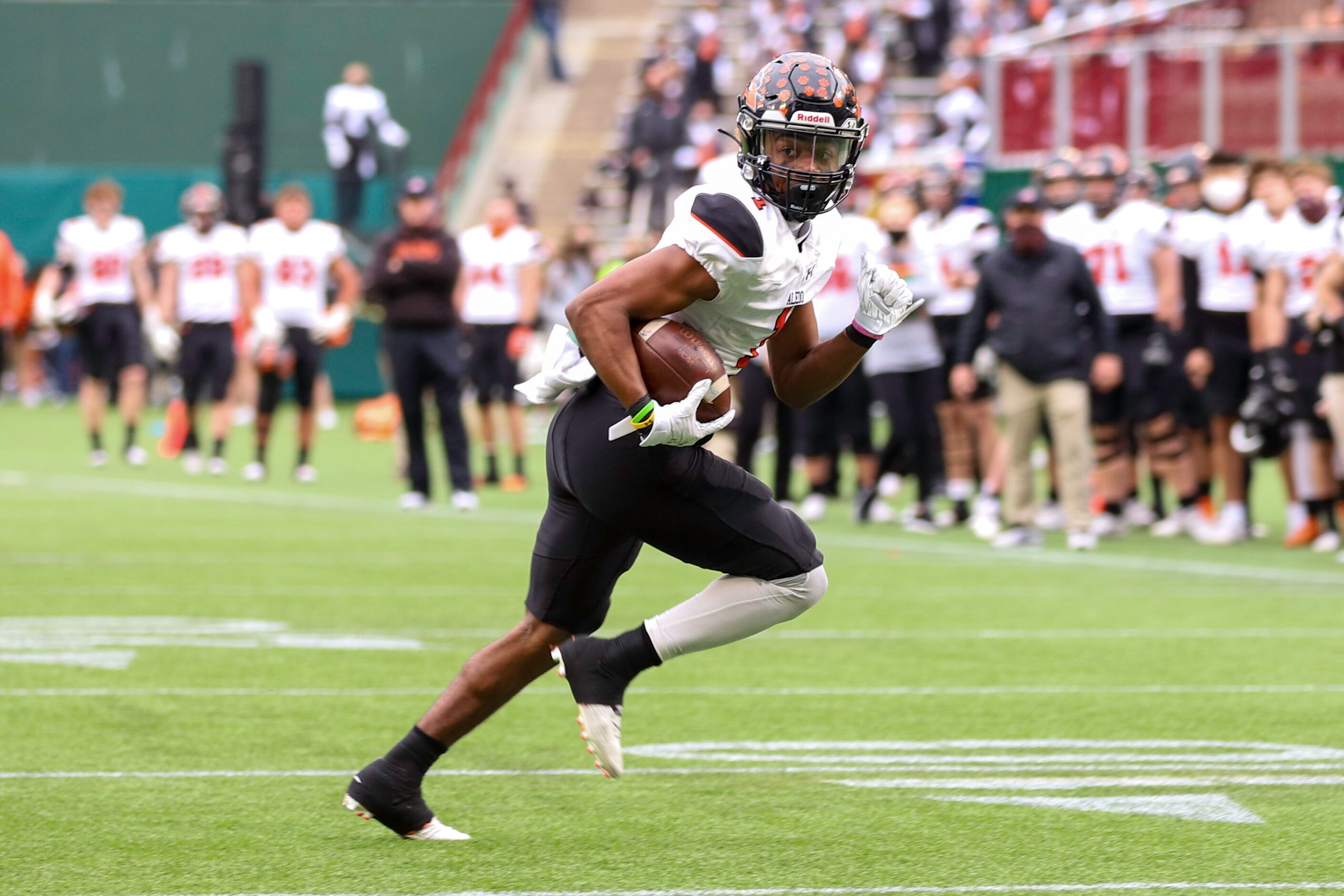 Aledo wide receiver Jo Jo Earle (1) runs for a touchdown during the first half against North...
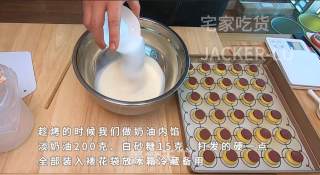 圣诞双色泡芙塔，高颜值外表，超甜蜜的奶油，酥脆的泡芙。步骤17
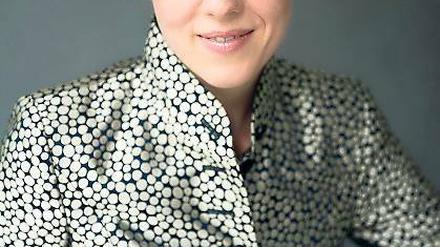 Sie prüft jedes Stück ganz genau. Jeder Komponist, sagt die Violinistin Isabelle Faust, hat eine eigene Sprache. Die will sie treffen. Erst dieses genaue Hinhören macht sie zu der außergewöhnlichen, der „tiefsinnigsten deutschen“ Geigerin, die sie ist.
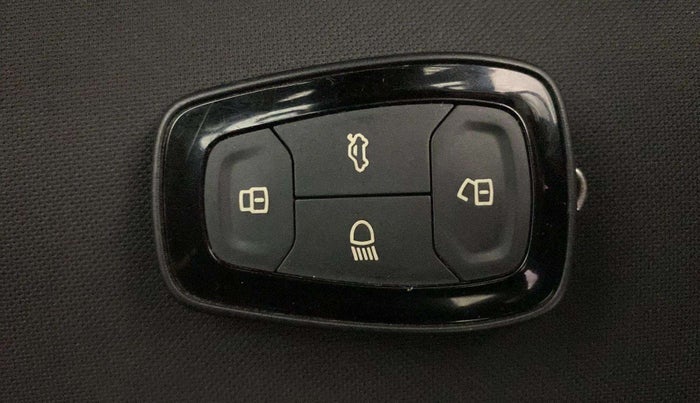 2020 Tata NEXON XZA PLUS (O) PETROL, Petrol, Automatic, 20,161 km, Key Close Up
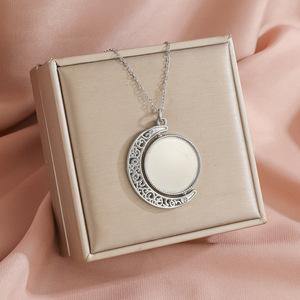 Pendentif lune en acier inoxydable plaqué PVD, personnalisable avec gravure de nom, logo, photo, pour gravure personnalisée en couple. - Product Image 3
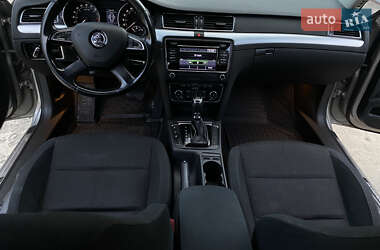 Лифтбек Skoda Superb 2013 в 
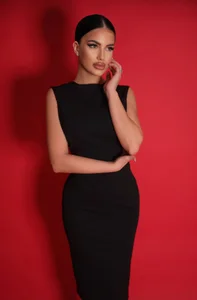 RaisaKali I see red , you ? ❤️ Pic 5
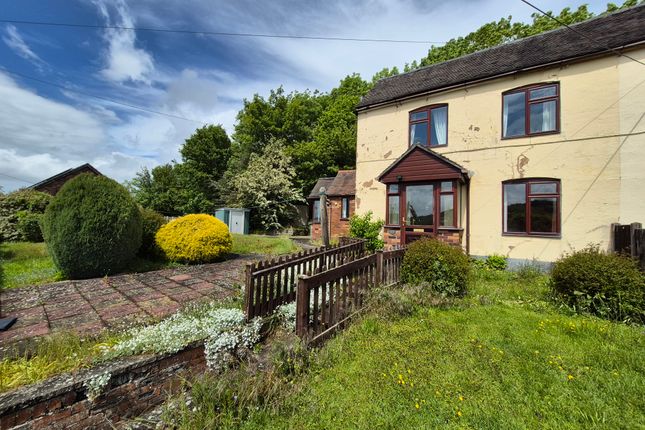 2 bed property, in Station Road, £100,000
---
HOW TO COMPLETE THIS TASK » Copy the records above from the first line through the line containing "Sie prüft jedes", both included, and leave out any pictures.

ANSWER TO THE PROBLEM »
 Aledo wide receiver Jo Jo Earle (1) runs for a touchdown during the first half against North...
 圣诞双色泡芙塔，高颜值外表，超甜蜜的奶油，酥脆的泡芙。步骤17
 Sie prüft jedes Stück ganz genau. Jeder Komponist, sagt die Violinistin Isabelle Faust, hat eine eigene Sprache. Die will sie treffen. Erst dieses genaue Hinhören macht sie zu der außergewöhnlichen, der „tiefsinnigsten deutschen“ Geigerin, die sie ist.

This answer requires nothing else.